Source data:
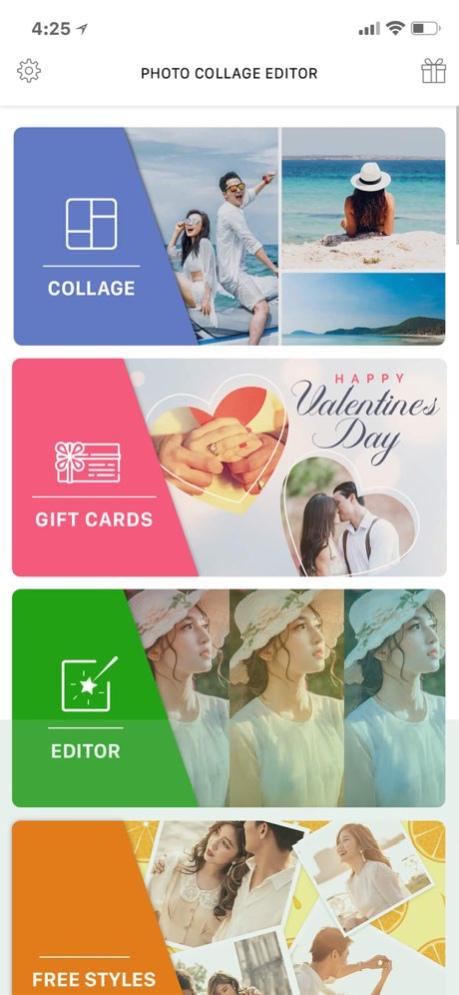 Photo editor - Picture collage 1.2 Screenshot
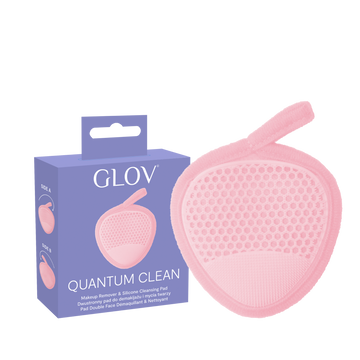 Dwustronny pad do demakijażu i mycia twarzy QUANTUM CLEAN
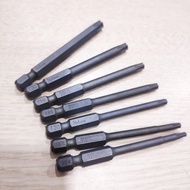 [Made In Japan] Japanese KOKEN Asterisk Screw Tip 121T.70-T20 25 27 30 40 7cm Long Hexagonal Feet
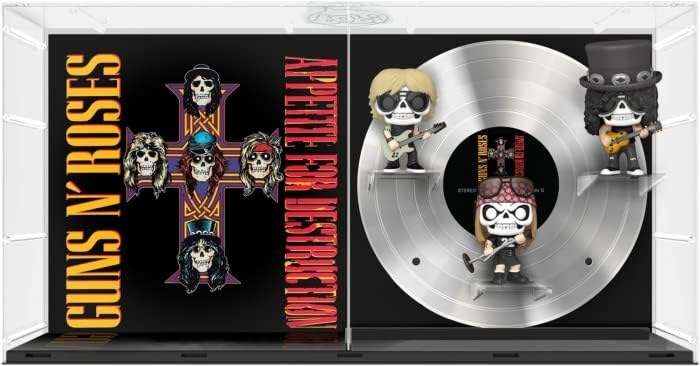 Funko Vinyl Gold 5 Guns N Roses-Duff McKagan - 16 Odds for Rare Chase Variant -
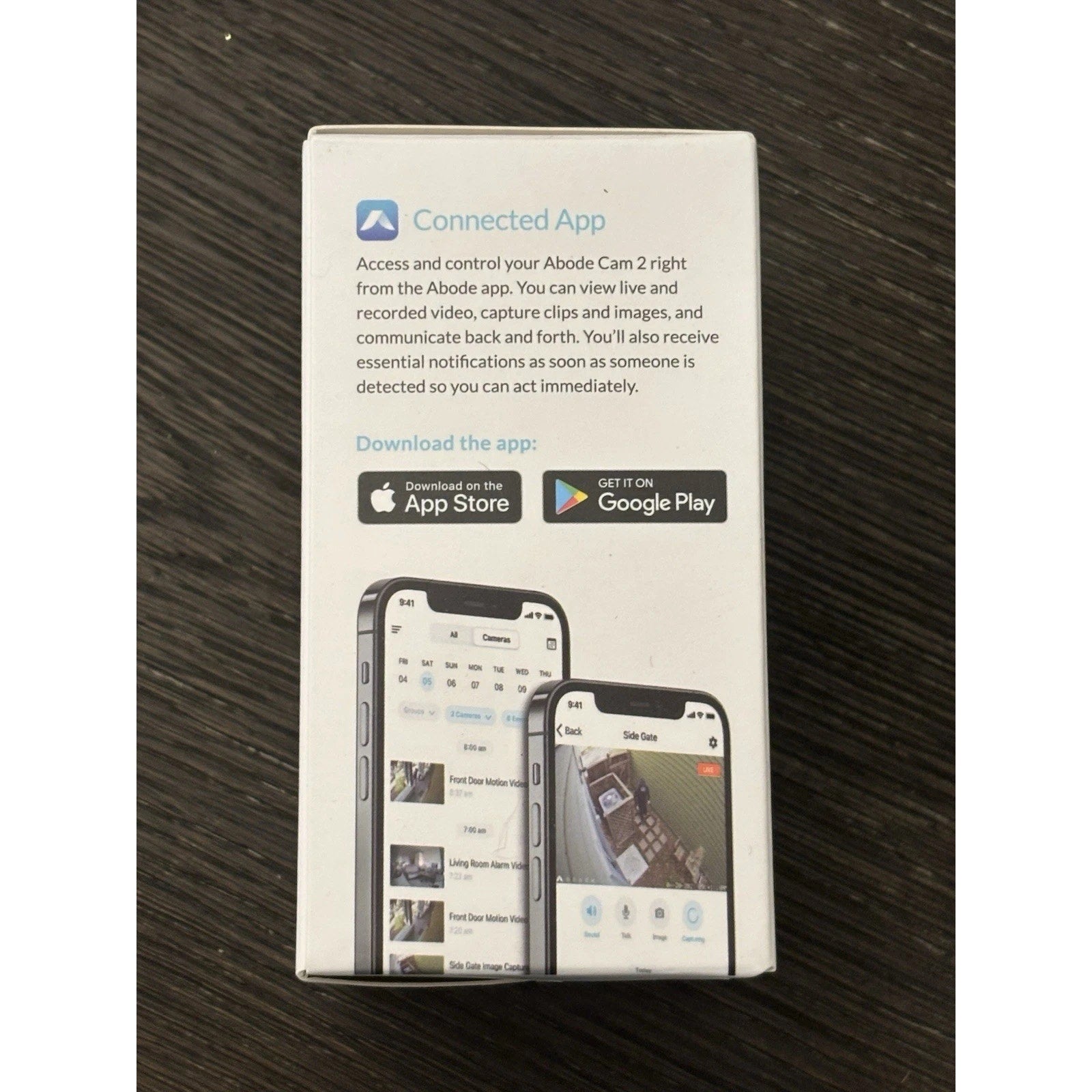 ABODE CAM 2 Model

TASK TO CARRY OUT:
Your copy must start at the line that holds "[Made In Japan]" and end at the last line of the data, both included; it must contain no pictures.

REPLY:
 [Made In Japan] Japanese KOKEN Asterisk Screw Tip 121T.70-T20 25 27 30 40 7cm Long Hexagonal Feet
 Funko Vinyl Gold 5 Guns N Roses-Duff McKagan - 16 Odds for Rare Chase Variant -
 ABODE CAM 2 Model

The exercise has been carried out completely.